50 N.E.2d 89, 314 Mass. 416, 148 A.L.R. 353, 1943 Mass. LEXIS 840
CourtMassachusetts Supreme Judicial Court
DecidedJuly 14, 1943
StatusPublished
Cited by60 cases

This text of 50 N.E.2d 89 (Johnson-Foster Co. v. D'Amore Construction Co.) is published on Counsel Stack Legal Research, covering Massachusetts Supreme Judicial Court primary law. Counsel Stack provides free access to over 12 million legal documents including statutes, case law, regulations, and constitutions.

Bluebook
Johnson-Foster Co. v. D'Amore Construction Co., 50 N.E.2d 89, 314 Mass. 416, 148 A.L.R. 353, 1943 Mass. LEXIS 840 (Mass. 1943).

Opinion

Qua, J.

This suit was heard upon a “Statement of Agreed Facts.”

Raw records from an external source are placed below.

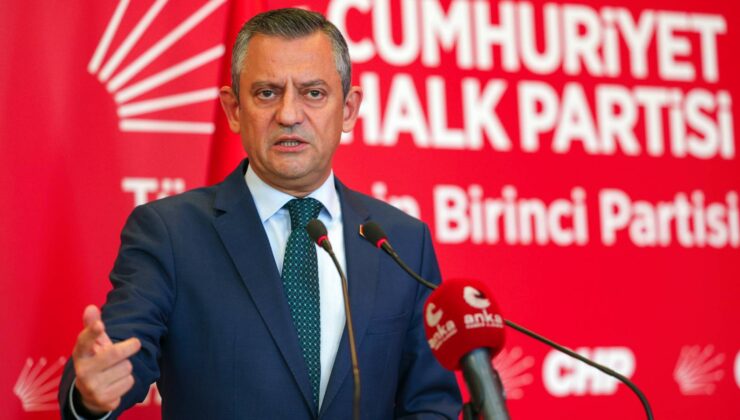 Özgür Özel’den Kayyım Tepkisi: Kılıfına Bile Uydurulamamış Milli İrade Hırsızlığıdır, Gitmekte Olan Bir İktidarın Son Çırpınışlarından  Kararı Yoktur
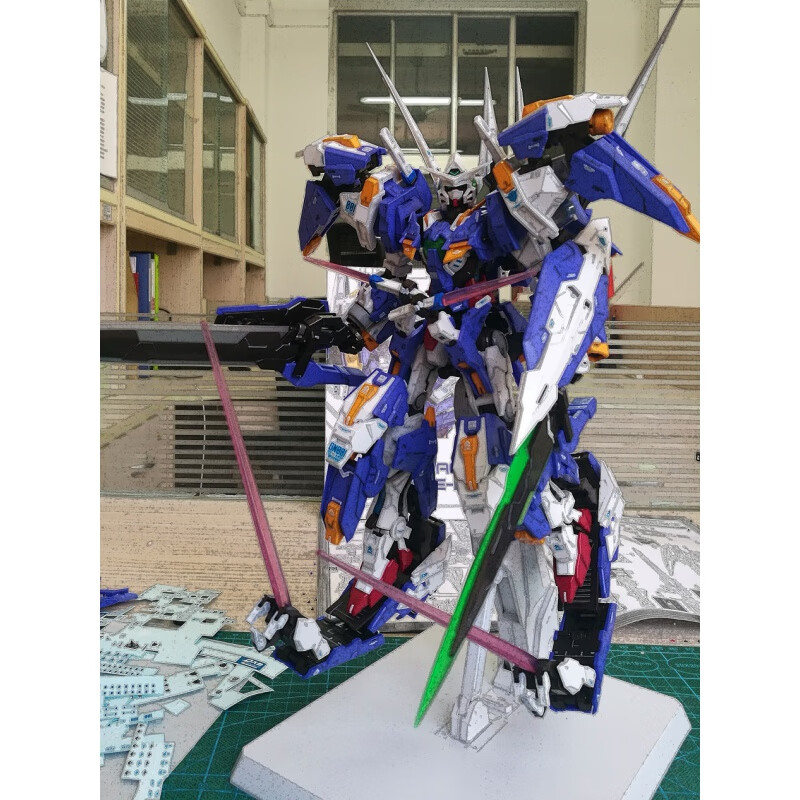 贝木惠(beimuhui)大班雪崩能天使mg送地台雪橇水贴r2r3mb样式拼装模型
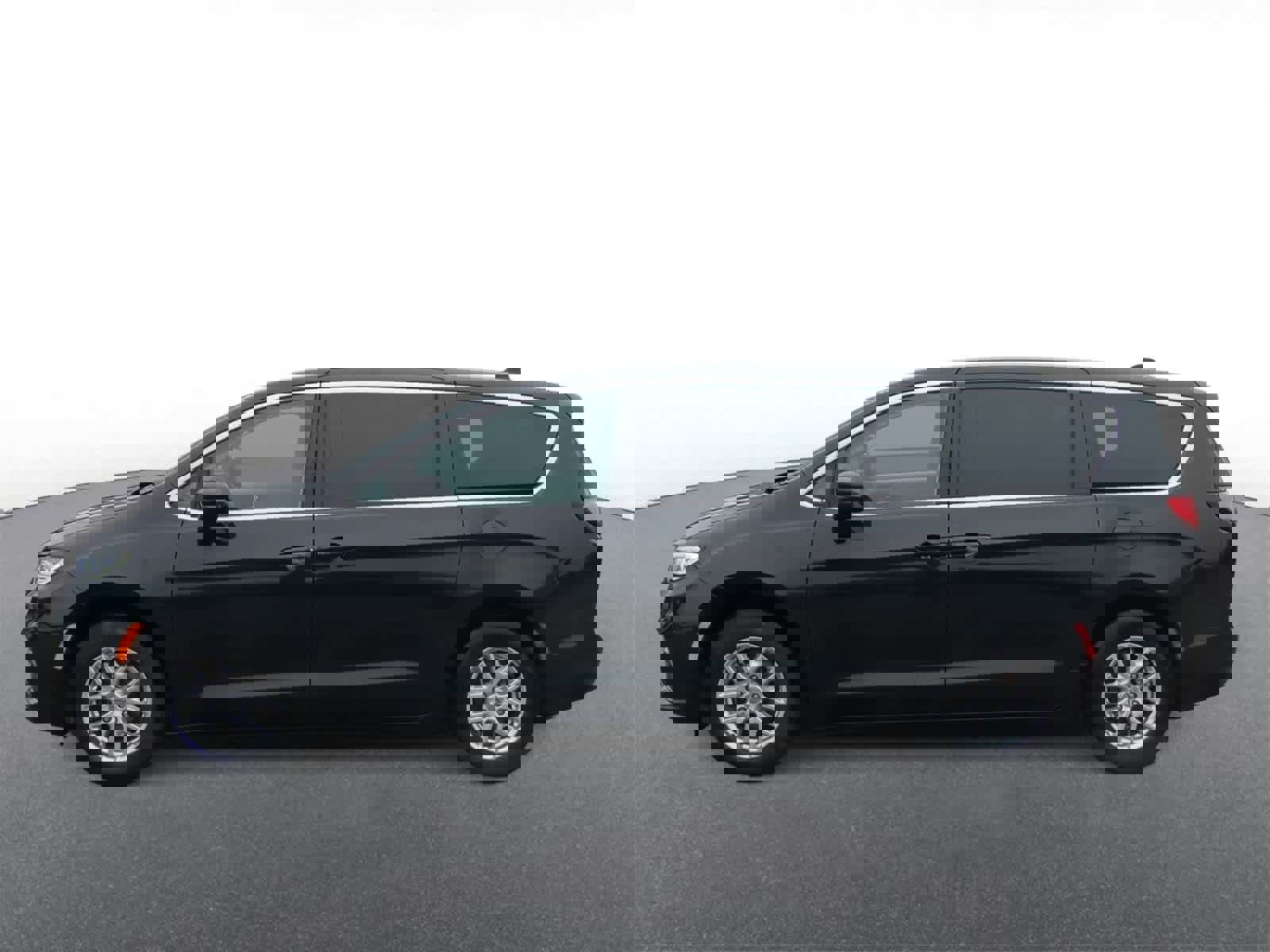 Used 2023 Chrysler Pacifica Touring-L image 5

[418]*418Under date of March 18, 1940, D’Amore Construction Co., hereinafter called the contractor, entered into a general contract with New Bedford Housing Authority, hereinafter called the housing authority, for the construction of a low cost housing project aided by a loan from the United States Housing Authority. On May 20, 1940, the contractor as principal, and the Aetna Casualty and Surety Company as surety, gave to the housing authority “as obligee” a “Performance and Payment Bond,” in the sum of $693,830 and in “the standard form required by” the United States Housing Authority, for the faithful performance of the principal contract. The contractor paid the surety for this bond a premium of $10,407.45. The contractor performed work under the contract until on or about May 8, 1941, when it acknowledged its inability to proceed further. It had then been paid $573,314.40 on account of the contract price and additions thereto. Thereafter the housing authority entered into an agreement with a new contractor for the completion of the work. This bill is prosecuted by a large number of original plaintiffs and intervener plaintiffs, all of whom as subcontractors or materialmen furnished to the original contractor labor and material or material alone which went into and became part of the completed structure, or rented equipment to the contractor for use on this contract, with the possible exception of New Bedford Gas and Edison Light Company and Liberty Mutual Insurance Company, the nature of whose claims will later appear. All make claim from the surety under the bond for unpaid balances due or alleged to be due them from the contractor. It is agreed that all the claimants knew and relied upon the terms of the bond “when they submitted bids and contracted to perform work or furnish material and rent equipment, [or to furnish?] public utility service.” The penal sum of the bond exceeds the total of all claims.

The trial judge entered an interlocutory decree that each plaintiff might recover, leaving the amounts to be determined at further hearings. He then stayed further proceedings and reported “the question” to this court. G. L. (Ter. Ed.) c. 214, § 30.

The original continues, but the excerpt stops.